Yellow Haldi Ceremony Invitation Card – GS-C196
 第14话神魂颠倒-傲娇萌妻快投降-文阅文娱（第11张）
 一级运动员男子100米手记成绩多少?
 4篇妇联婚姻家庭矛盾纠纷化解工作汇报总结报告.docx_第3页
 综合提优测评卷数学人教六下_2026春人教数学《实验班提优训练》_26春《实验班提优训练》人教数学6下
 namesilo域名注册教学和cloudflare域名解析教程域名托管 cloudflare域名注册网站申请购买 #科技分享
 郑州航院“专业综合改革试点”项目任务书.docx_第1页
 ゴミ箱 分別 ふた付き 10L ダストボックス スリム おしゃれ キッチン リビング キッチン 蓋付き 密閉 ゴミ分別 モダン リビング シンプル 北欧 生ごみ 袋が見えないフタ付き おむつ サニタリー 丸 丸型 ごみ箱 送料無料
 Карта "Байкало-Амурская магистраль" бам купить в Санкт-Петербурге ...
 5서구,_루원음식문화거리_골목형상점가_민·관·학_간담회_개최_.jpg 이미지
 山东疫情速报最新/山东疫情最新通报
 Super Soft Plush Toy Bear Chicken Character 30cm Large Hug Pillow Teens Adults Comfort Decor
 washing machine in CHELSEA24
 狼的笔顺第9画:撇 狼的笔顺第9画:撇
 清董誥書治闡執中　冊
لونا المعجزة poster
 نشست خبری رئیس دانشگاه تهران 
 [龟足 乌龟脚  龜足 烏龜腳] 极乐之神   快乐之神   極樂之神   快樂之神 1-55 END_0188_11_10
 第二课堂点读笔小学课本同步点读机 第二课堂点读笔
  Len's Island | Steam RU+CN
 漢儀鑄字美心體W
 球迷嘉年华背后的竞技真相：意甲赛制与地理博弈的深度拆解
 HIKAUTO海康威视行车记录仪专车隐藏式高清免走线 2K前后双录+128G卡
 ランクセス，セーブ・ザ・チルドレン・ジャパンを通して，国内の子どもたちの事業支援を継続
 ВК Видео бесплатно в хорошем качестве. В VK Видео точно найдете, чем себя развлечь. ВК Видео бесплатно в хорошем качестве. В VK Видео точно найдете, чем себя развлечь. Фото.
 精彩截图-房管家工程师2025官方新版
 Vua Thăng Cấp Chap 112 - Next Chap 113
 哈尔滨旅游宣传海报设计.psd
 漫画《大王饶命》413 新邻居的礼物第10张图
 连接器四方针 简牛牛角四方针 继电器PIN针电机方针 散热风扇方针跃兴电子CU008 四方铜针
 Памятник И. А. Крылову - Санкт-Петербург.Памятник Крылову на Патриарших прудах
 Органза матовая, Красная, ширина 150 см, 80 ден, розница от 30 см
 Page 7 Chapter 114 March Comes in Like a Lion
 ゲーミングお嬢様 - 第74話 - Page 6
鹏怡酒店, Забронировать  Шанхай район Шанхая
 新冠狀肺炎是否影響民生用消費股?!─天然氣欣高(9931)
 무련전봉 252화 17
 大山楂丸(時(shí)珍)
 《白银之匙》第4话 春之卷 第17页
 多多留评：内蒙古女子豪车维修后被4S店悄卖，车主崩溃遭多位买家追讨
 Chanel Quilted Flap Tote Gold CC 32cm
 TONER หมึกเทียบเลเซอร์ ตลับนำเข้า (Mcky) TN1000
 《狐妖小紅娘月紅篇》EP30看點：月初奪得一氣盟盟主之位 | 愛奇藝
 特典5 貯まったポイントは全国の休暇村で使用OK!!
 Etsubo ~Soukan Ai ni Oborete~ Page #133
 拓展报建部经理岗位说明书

Work required> Each line in which the string "Санкт" is found must be copied from the data.

Written reply>
 Карта "Байкало-Амурская магистраль" бам купить в Санкт-Петербурге ...
 Памятник И. А. Крылову - Санкт-Петербург.Памятник Крылову на Патриарших прудах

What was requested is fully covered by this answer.